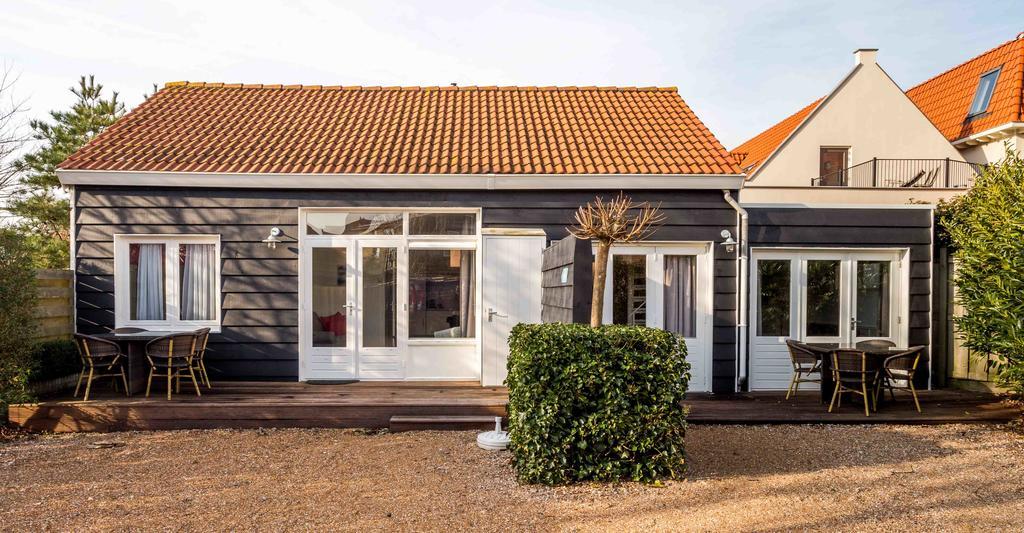 Appartementen Domburg Exteriör bild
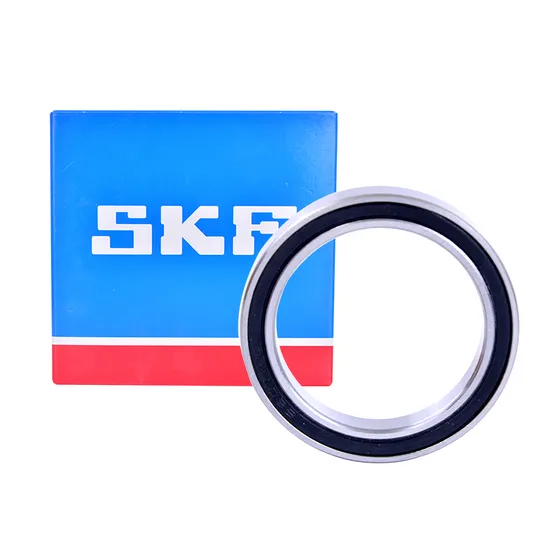 Deep Groove Ball Bearing 6709-2RS 45x55x6mm P5 Precision for Industrial Machinery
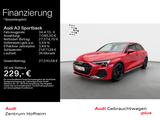 Audi A3 Sportback 30 TFSI S line S tro*Sonos*Pano*HUD - Audi A3 Jahreswagen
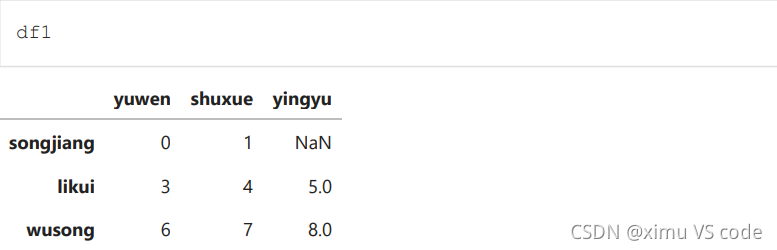 python df指定行 python如何定义df_缺失值_25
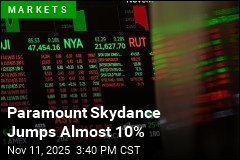 Dow Jumps 559 Points to New All-Time High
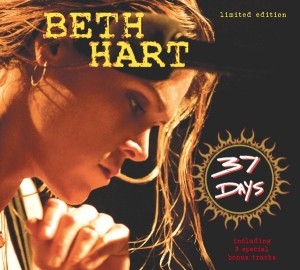 Beth Hart - 37 Days in the group Minishops / Beth Hart at Bengans Skivbutik AB (563994)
....
(TASK STATEMENT): From the line containing "Deep Groove Ball" to the last line of the entries, output every line exactly as written, but leave out the pictures.

(RESPONSE AREA):
 Deep Groove Ball Bearing 6709-2RS 45x55x6mm P5 Precision for Industrial Machinery
 Audi A3 Sportback 30 TFSI S line S tro*Sonos*Pano*HUD - Audi A3 Jahreswagen
 python df指定行 python如何定义df_缺失值_25
 Dow Jumps 559 Points to New All-Time High
 Beth Hart - 37 Days in the group Minishops / Beth Hart at Bengans Skivbutik AB (563994)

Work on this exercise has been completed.